Speaking in a post-show chat about his opera Ohne Titel No. 1, which was performed as part of the Wiener Festwochen in Vienna in June, theatre artist Herbert Fritsch compared the compositional structure of his opera to that of jazz: “In jazz music, an improvisor doesn’t just do whatever he wants when he wants to– he sticks to a set form.” Fritsch’s structures kept his performers in lockstep during this semi-improvised, 90-minute comic opera/theatre piece.

Performed at Vienna’s historic Burg Theater, the piece made good use of the whole stage and much of the audience area. The opera opened with the twelve cast members and tiny three-piece orchestra running through the audience to the orchestra pit, where (after a few overly-obvious sight gags) they played the overture on recorders, slide whistles, and various percussion toys.
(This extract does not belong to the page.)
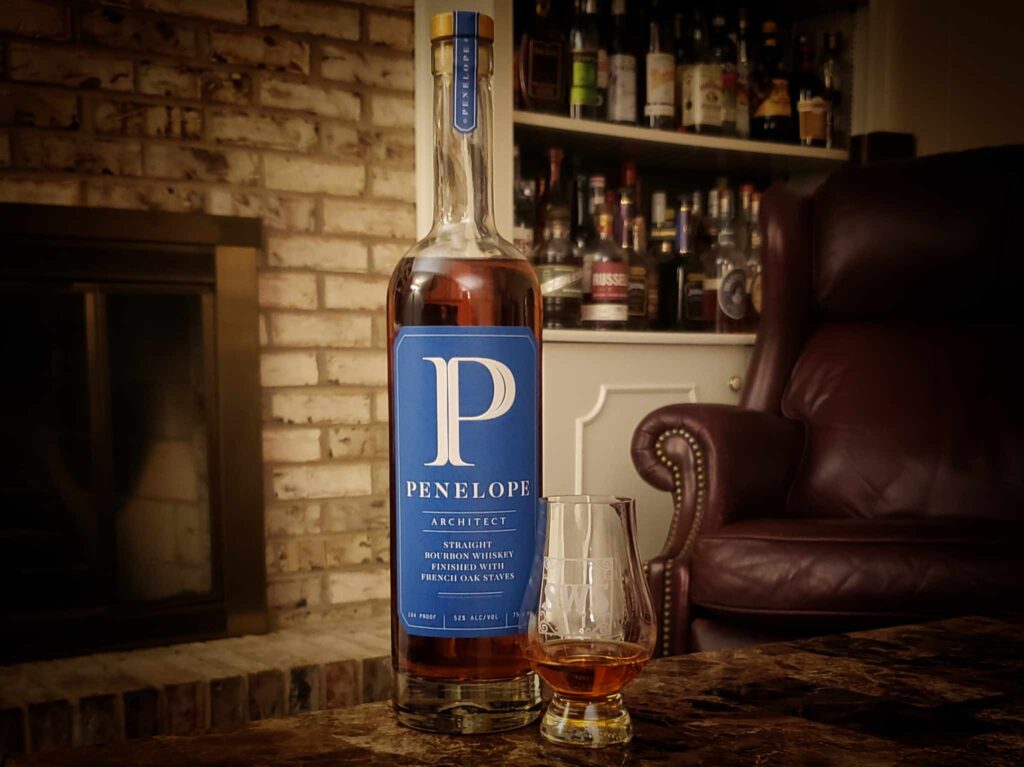 Penelope Architect Build 7 Review - Secret Whiskey Society - Featured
Then, the cast jumped onstage towards the giant, 3-metre-high couch that served as a set and began to perform a brisk combination of sung and spoken nonsense words.

Herbert Fritsch-- Photo by Axel Schmidt

Herbert Fritsch–Photo by Axel Schmidt

Musically, this opera borrowed harmonic material from the American songbook. The orchestra of drum kit, prepared piano, and electronics/percussion worked from simple chord structures that provided a background for experimentation and improvisation. It sounded like an eerie, slightly ambient, sometimes dissonant Broadway musical. On stage, the performers used their voices, their thick plastic wigs, their feet, and a cork gun to make noise. They also worked with silent, visual rhythms– swaying bodies in unison, waving a large stick, tossing one of the smaller performers over the back of the very large couch. These visually rhythmic elements made it a very physical opera that relied as much on the performers’ bodies as much as their voices.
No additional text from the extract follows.